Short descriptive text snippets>
+ + + + +

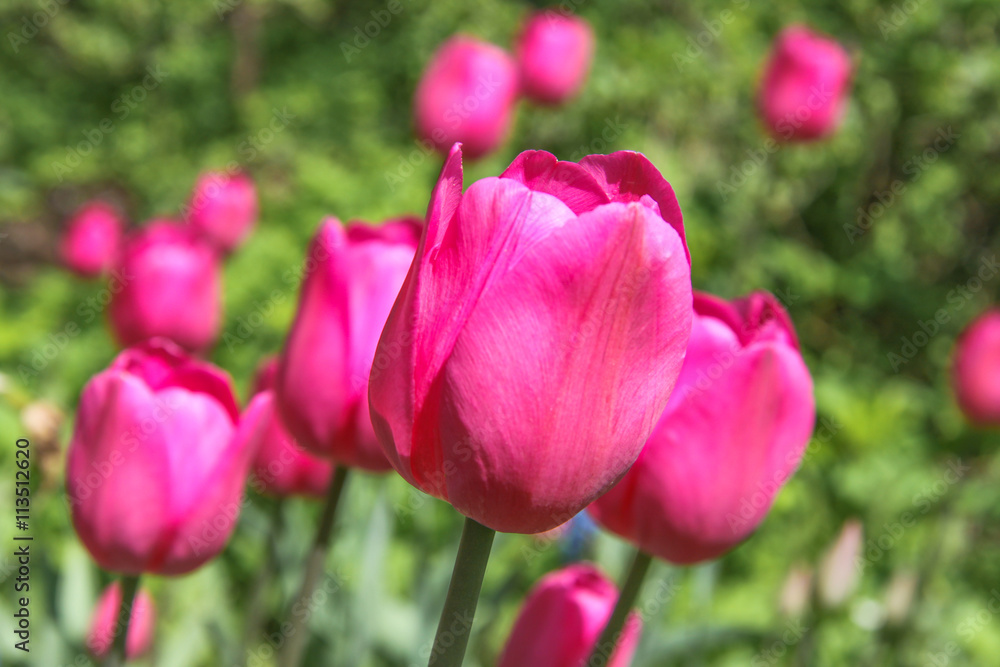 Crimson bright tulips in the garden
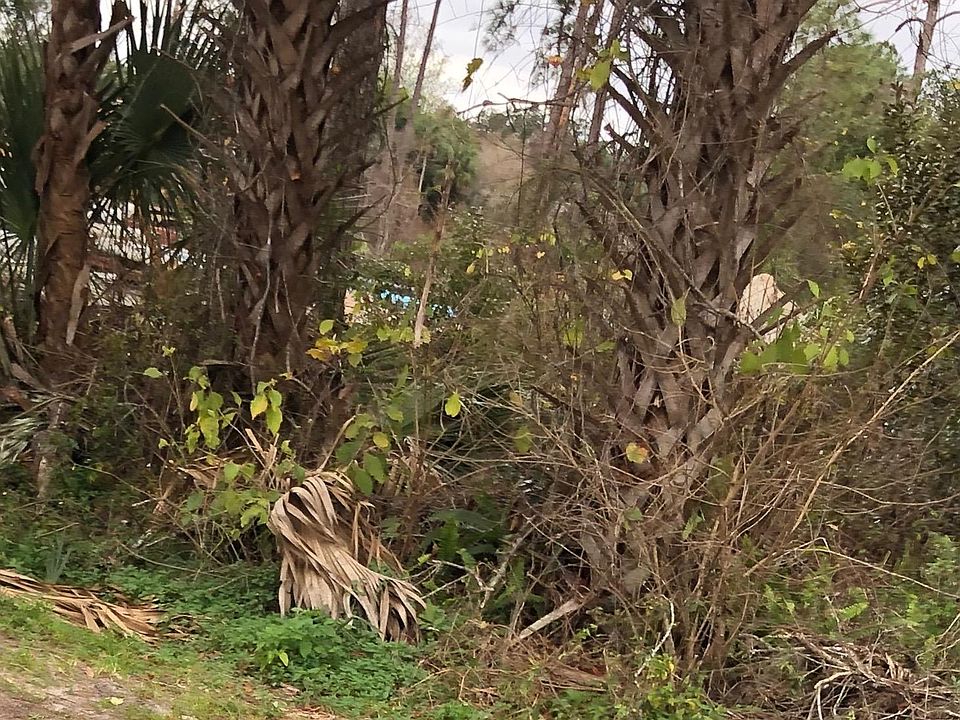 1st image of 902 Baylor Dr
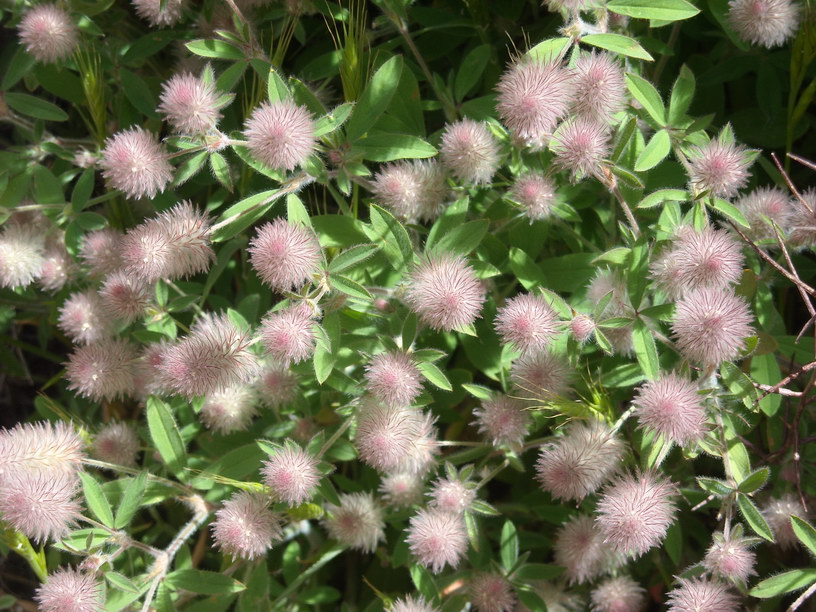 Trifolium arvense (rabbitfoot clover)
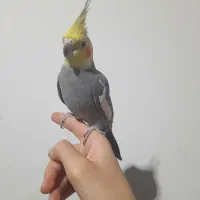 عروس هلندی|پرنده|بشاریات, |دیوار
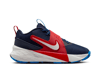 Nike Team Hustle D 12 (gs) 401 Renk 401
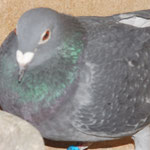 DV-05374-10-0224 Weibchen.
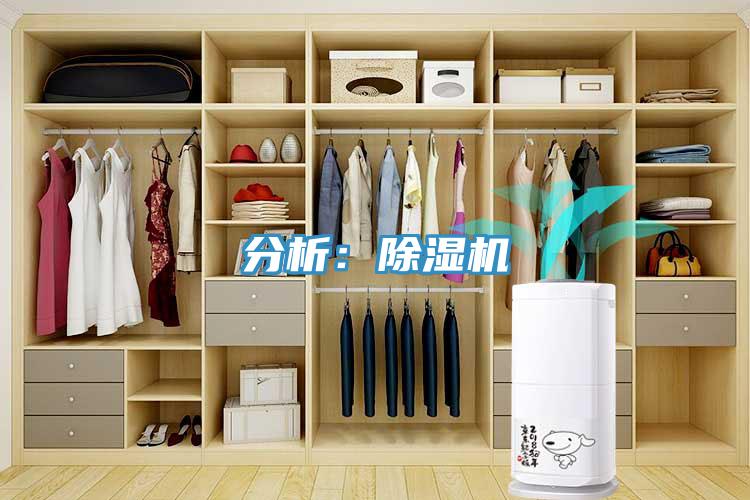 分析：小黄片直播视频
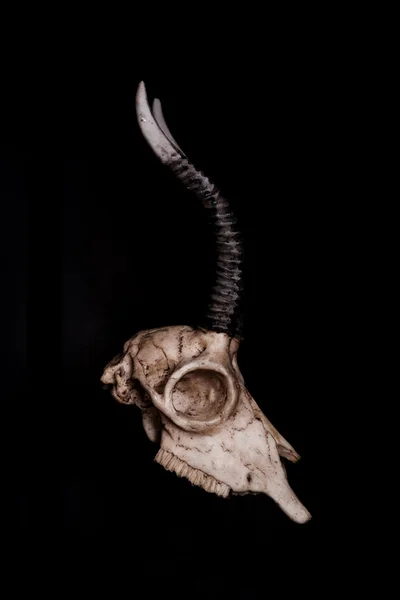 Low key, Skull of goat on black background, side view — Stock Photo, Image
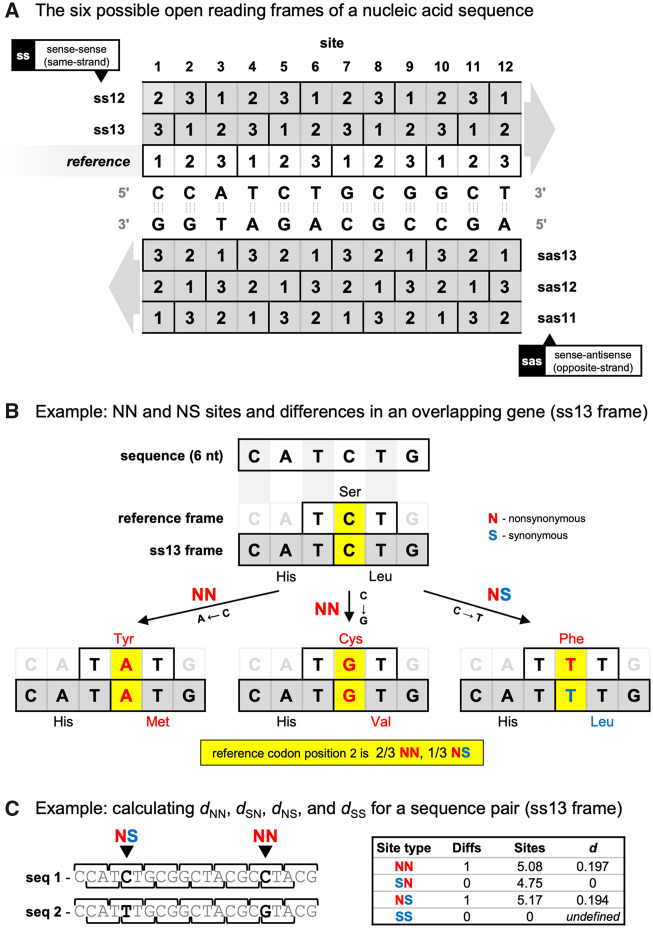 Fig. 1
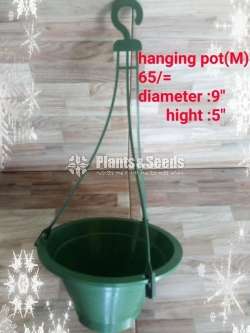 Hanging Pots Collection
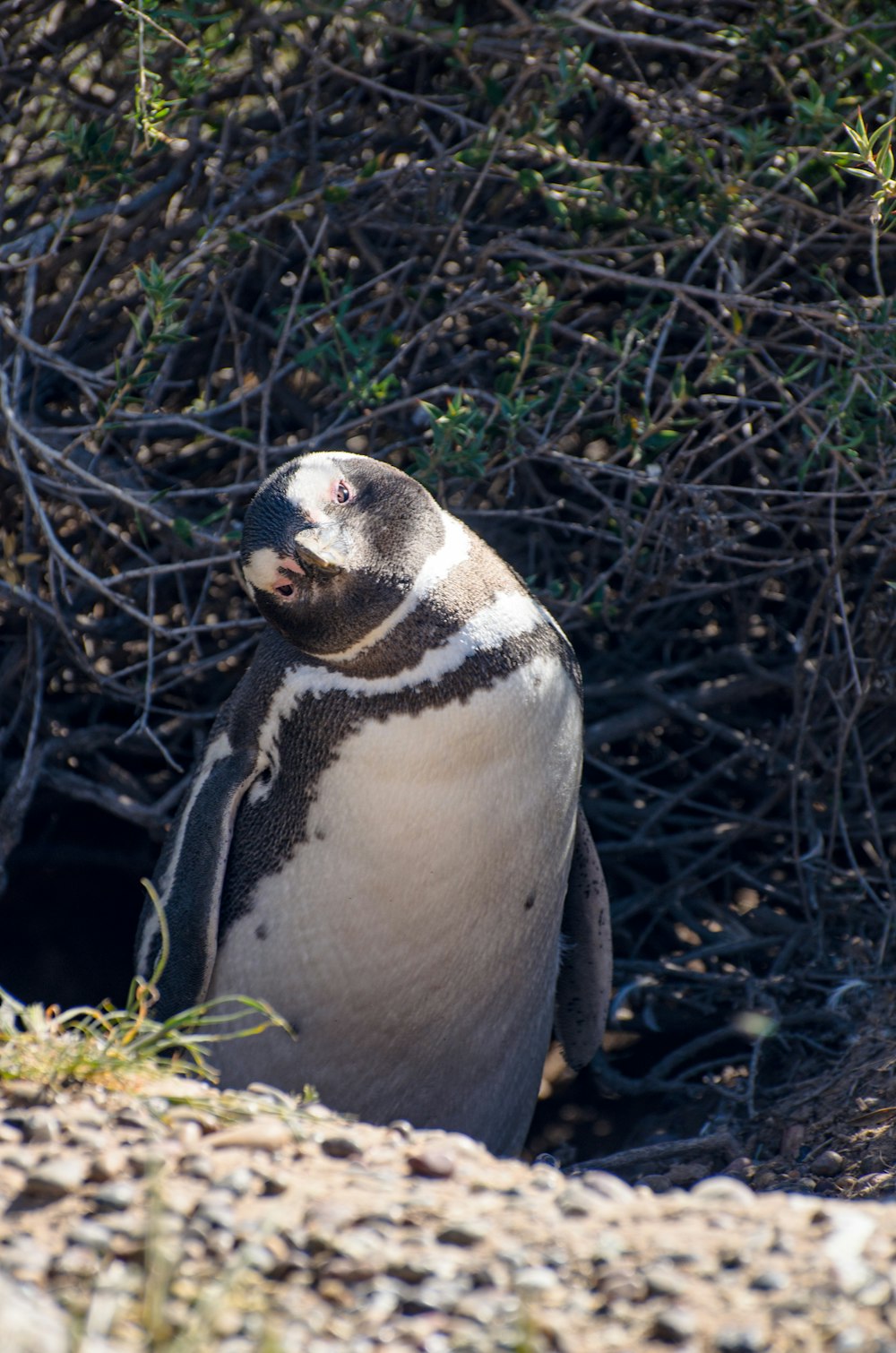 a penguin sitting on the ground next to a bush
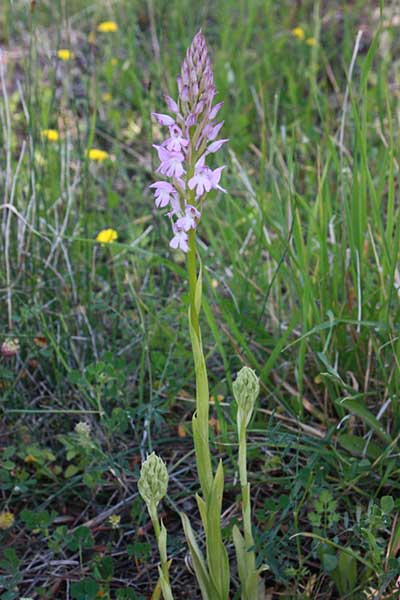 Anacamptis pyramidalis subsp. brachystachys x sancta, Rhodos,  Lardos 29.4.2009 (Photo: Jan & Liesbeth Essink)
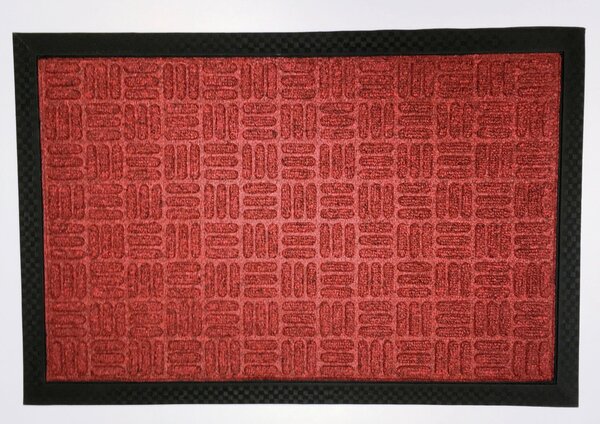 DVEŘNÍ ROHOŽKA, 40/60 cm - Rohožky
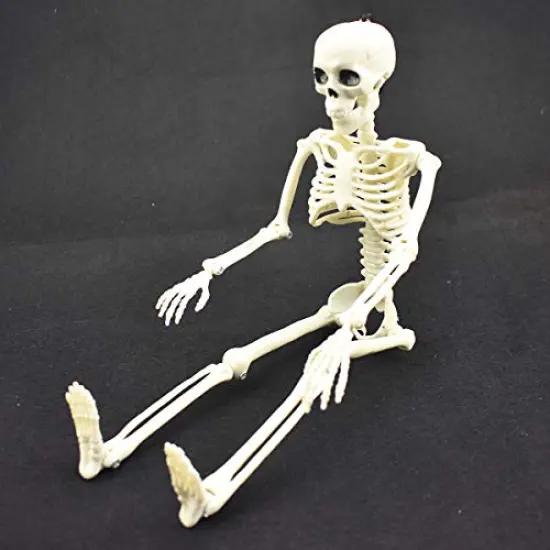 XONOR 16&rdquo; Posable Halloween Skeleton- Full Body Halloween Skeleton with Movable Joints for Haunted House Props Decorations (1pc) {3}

+ + + + +

Try it>
Restate the data above word for word, omitting every picture.

Written answer>
 Crimson bright tulips in the garden
 1st image of 902 Baylor Dr
 Trifolium arvense (rabbitfoot clover)
 عروس هلندی|پرنده|بشاریات, |دیوار
 Nike Team Hustle D 12 (gs) 401 Renk 401
 DV-05374-10-0224 Weibchen.
 分析：小黄片直播视频
 Low key, Skull of goat on black background, side view — Stock Photo, Image
 Fig. 1
 Hanging Pots Collection
 a penguin sitting on the ground next to a bush
 Anacamptis pyramidalis subsp. brachystachys x sancta, Rhodos,  Lardos 29.4.2009 (Photo: Jan & Liesbeth Essink)
 DVEŘNÍ ROHOŽKA, 40/60 cm - Rohožky
 XONOR 16&rdquo; Posable Halloween Skeleton- Full Body Halloween Skeleton with Movable Joints for Haunted House Props Decorations (1pc) {3}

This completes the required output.